I can’t help but feel sorry for places like Rathenow and Dessau. Rathenow had a major industry (optics) that made it a bombing target in WWII. The town and its industry were rebuilt after the war, but along came reunification and the dominant industry was once again shattered. Unlike Angermünde or the other historische Stadtkerne on this tour, Rathenow no longer has anything to polish up to make it a tourist destination.

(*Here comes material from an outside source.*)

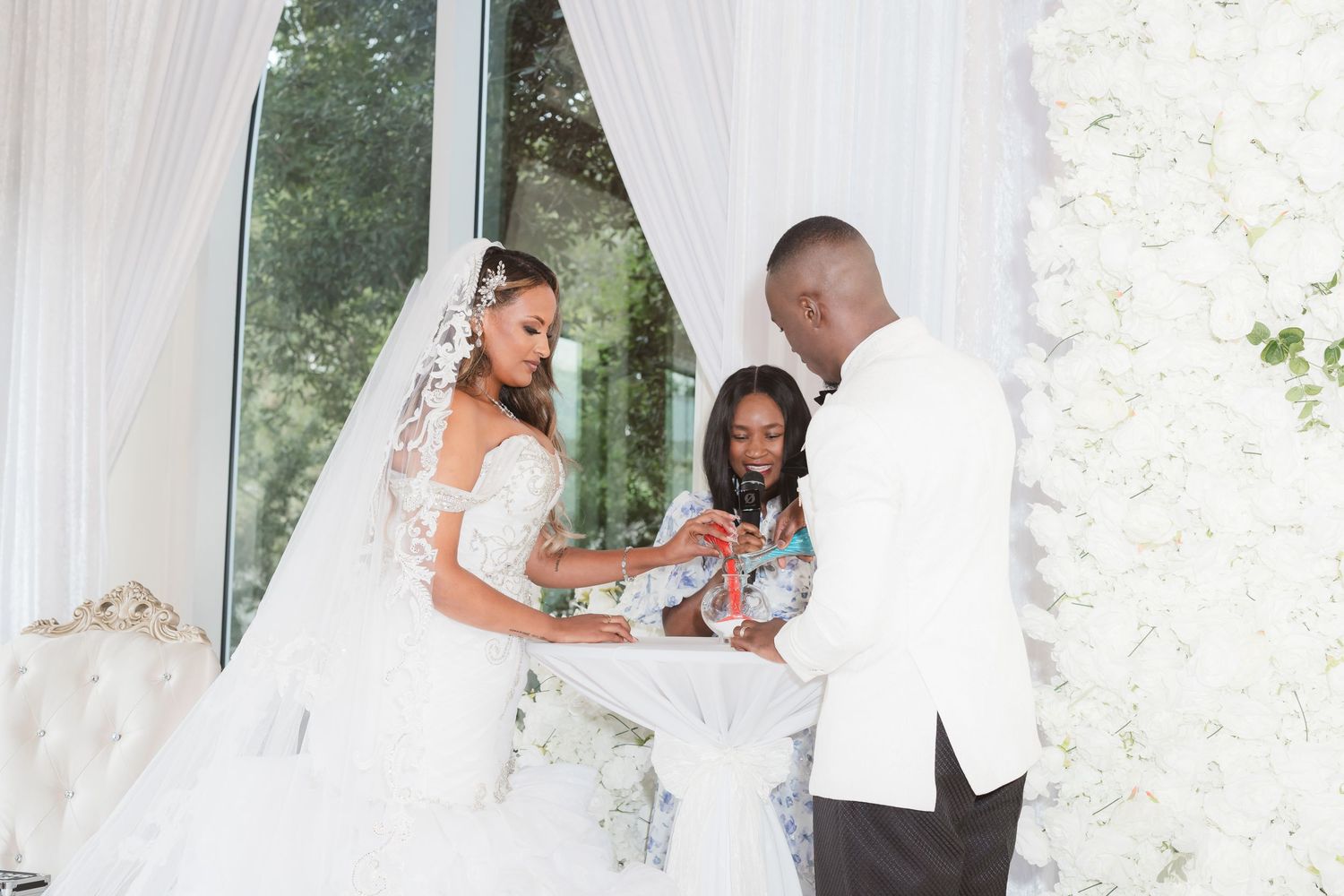 Elegant wedding ceremony setting with white drapes and floral decorations creating a romantic atmosphere.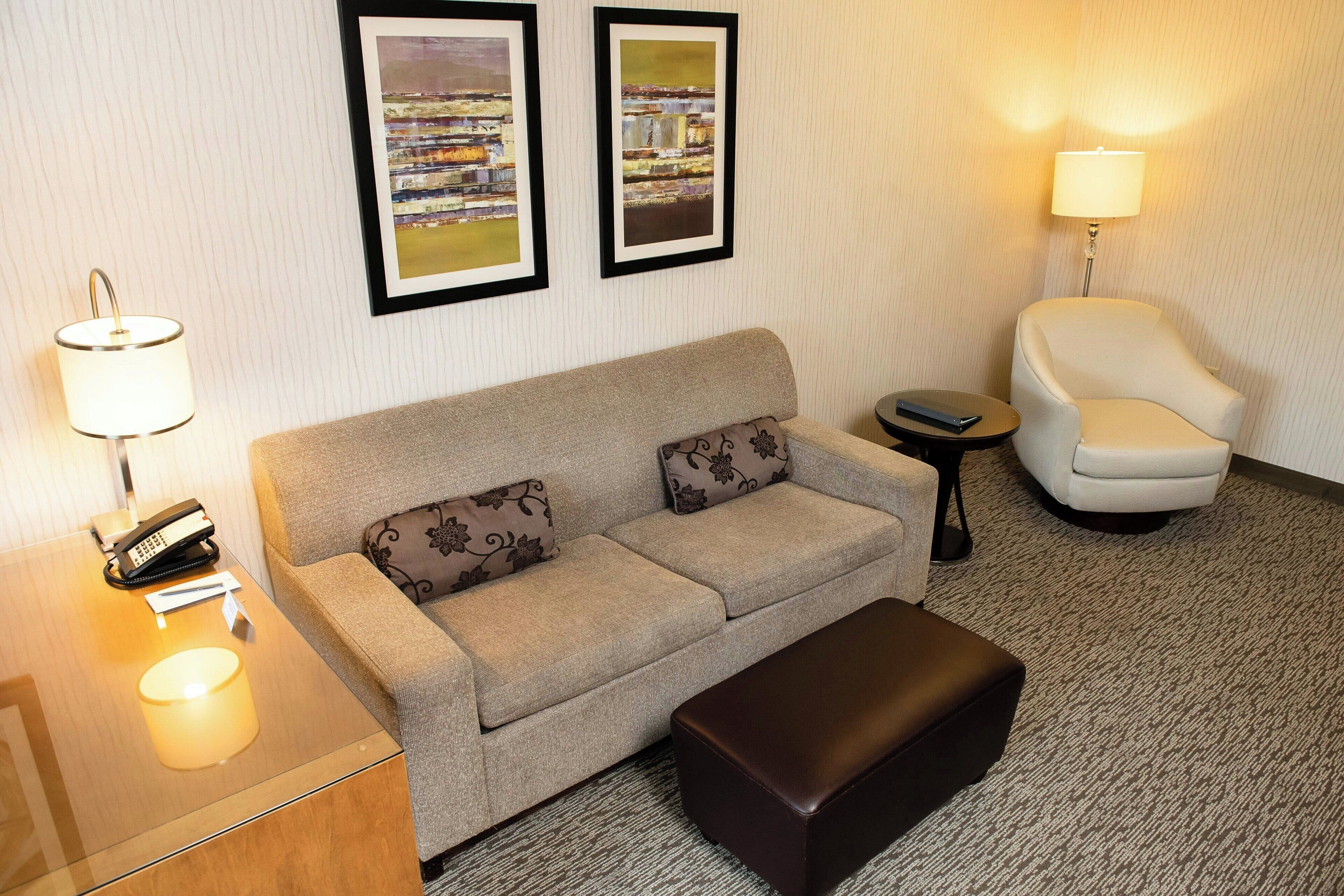 A hotel room with a sofa, a chair, a small table with a lamp, and two framed pictures on the wall.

Rathenow does have the Westhavelland nature reserve on its doorstep, however, which made for a pleasant departure. There were some undulations – gentle enough to enhance the journey rather than turn it into a trial. Further to the east is agricultural land and fens (Luch), which were alive with frog croaking and – when finally disturbed – the siren calls of cranes. This part of Germany is an important habitat for cranes. I finally checked how they nested, since the question was puzzling me. Obviously not Rapunzel-like at the top of factory chimneys as storks do: no, cranes build platform nests on water. There was plenty of the latter around – the Großer Havelländischer Hauptkanal was very high and parts of some fields were under water.
Despite retaining its historischer Stadtkern, Nauen is no more attractive than Rathenow. Fachwerkhäuser and Gründerzeit style. The town is apparently notable for pioneering radio transmission. At present the only highlights for me have been hearing chirpy piano music from a first-floor dance studio and staying next to a donkey sanctuary.